Why worry?

By Megan McArdle

One doesn't know quite what to say about the Craig revelations except to wonder about the statistics. If two Republican legislators get caught in a relatively short period of time . . . well, I know it's just a coincidence, but still. How commonly does this sort of thing happen in the general population? And if it doesn't happen commonly, why is it happening so often in our legislative bodies? Presumably they didn't run for office in order to enjoy broader opportunities to solicit undercover cops.

Meanwhile, perhaps it is just that I am a woman, but I am a little puzzled by this:

Radley Balko remarks "Guess there's some sort moral distinction between cheating on your wife via anonymous gay sex and cheating on your wife by paying for hetero sex with a prostitute."

I can imagine distinguishing between these cases, but I would think that any difference would tend to cut in favor of Craig rather than against him, since paying prostitutes for sex is a real crime and it's still unclear to me what it is Craig's guilty of -- he mostly seems to have been brought up on charges of "being gay in the Midwest." Either way, Hewitt seems to be drawing the distinction based on pure homophobia.

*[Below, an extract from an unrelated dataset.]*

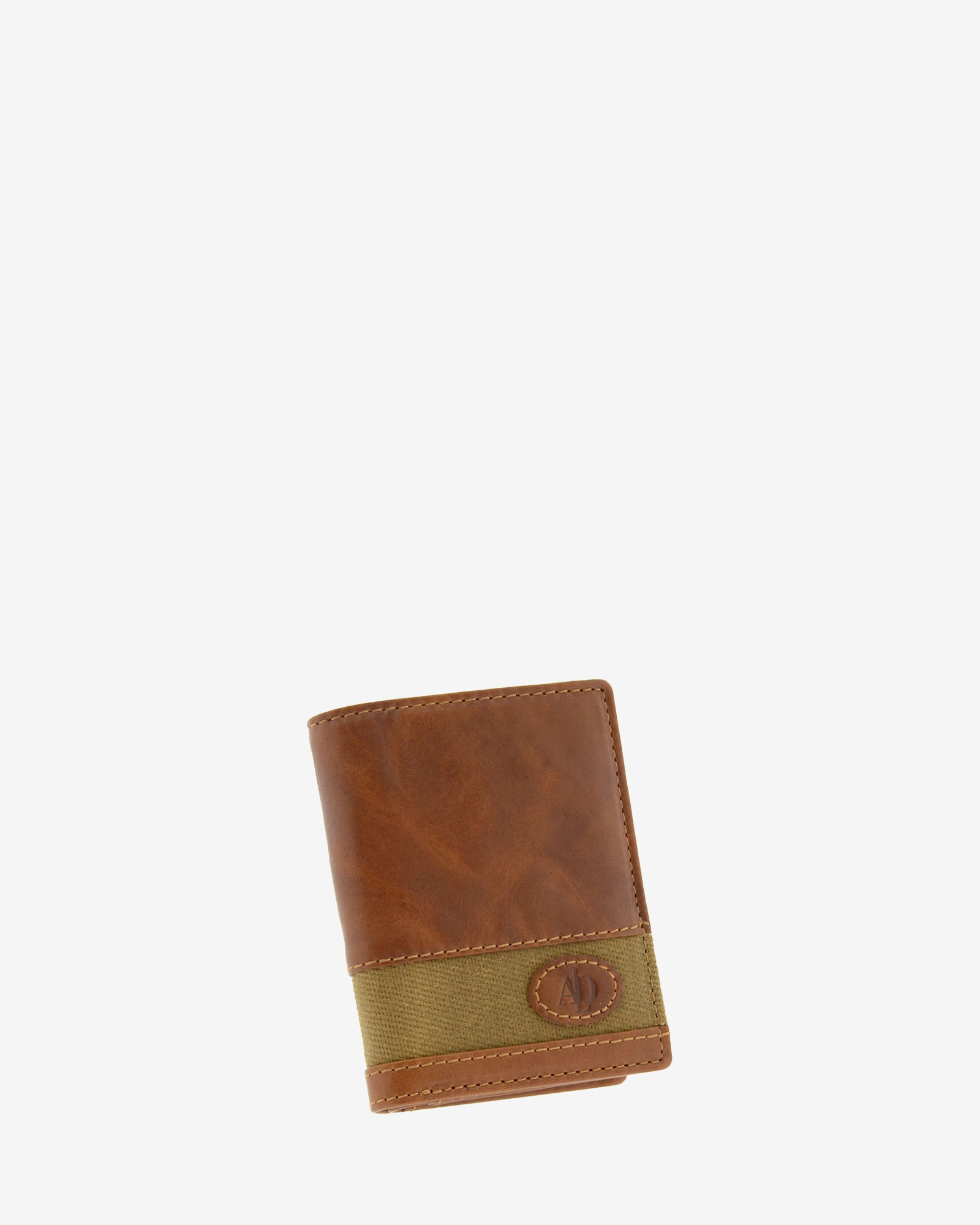 Cartera de hombre pequeña de piel genuina en color cuero y tira de canvas marrón claro, vista frontal mostrando diseño y volumen, referencia 1619-6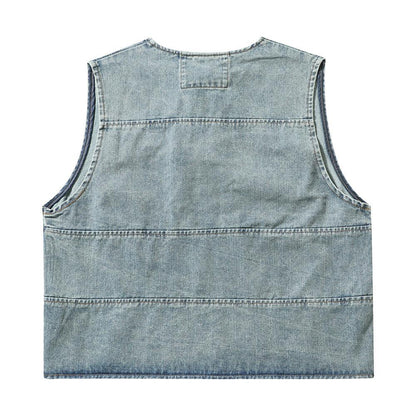 Denim Vest Men's Loose Casual High Street Patchwork Round Neck Coat - Cruish Home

Legally, I agree that the cops have no business worrying about Craig's sex life, or for that matter, the sex lives of men who seek to employ prostitutes of whatever persuasion. But if I were Craig's wife, I'd be far more worried about my husband trolling random bathrooms for anonymous men, than by his sleeping with prostitutes. Given the relative risks of male-to-male and female-to-male HIV transmission, I'd be crazy not to worry more. Should that matter to the public, if not the police?